* Task to complete: If a line below falls between the line with "Chess challenge in" and the line with "摩诃菩提寺旅游景点攻略图", or is one of those two, output it exactly; output nothing else and no pictures.

* Supplied data:
========================

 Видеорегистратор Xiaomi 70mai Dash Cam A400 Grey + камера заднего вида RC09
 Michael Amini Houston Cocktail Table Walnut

========================

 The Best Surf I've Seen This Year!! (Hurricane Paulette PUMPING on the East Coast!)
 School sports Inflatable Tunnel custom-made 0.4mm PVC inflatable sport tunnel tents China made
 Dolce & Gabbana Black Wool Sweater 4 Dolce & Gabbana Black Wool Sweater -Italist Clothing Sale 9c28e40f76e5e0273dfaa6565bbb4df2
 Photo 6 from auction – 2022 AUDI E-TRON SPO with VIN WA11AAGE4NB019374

========================

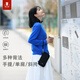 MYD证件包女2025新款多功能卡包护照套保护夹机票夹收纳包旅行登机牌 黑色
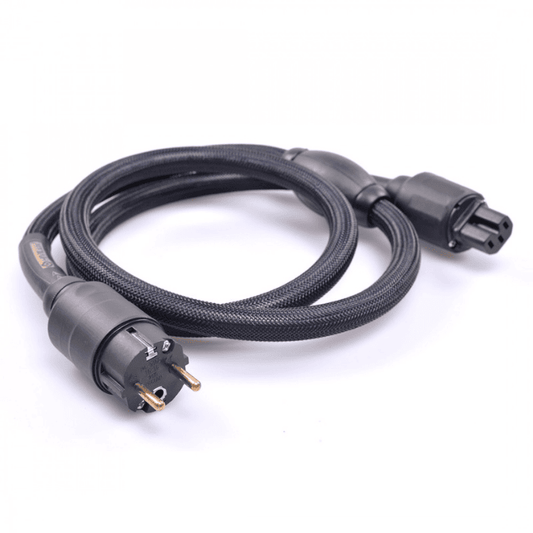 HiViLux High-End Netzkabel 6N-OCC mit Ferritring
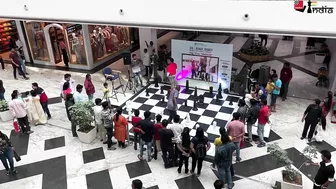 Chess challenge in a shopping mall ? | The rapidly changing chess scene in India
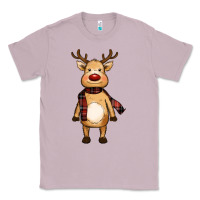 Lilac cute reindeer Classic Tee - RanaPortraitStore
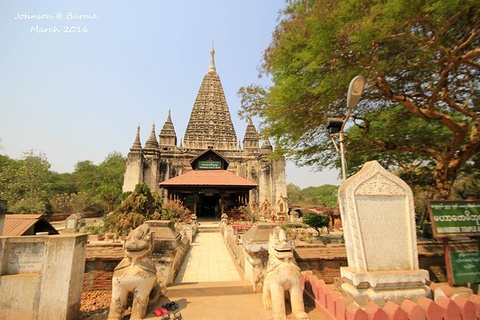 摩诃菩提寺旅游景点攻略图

========================

* Solution to this problem:
 Chess challenge in a shopping mall ? | The rapidly changing chess scene in India
 Lilac cute reindeer Classic Tee - RanaPortraitStore
 摩诃菩提寺旅游景点攻略图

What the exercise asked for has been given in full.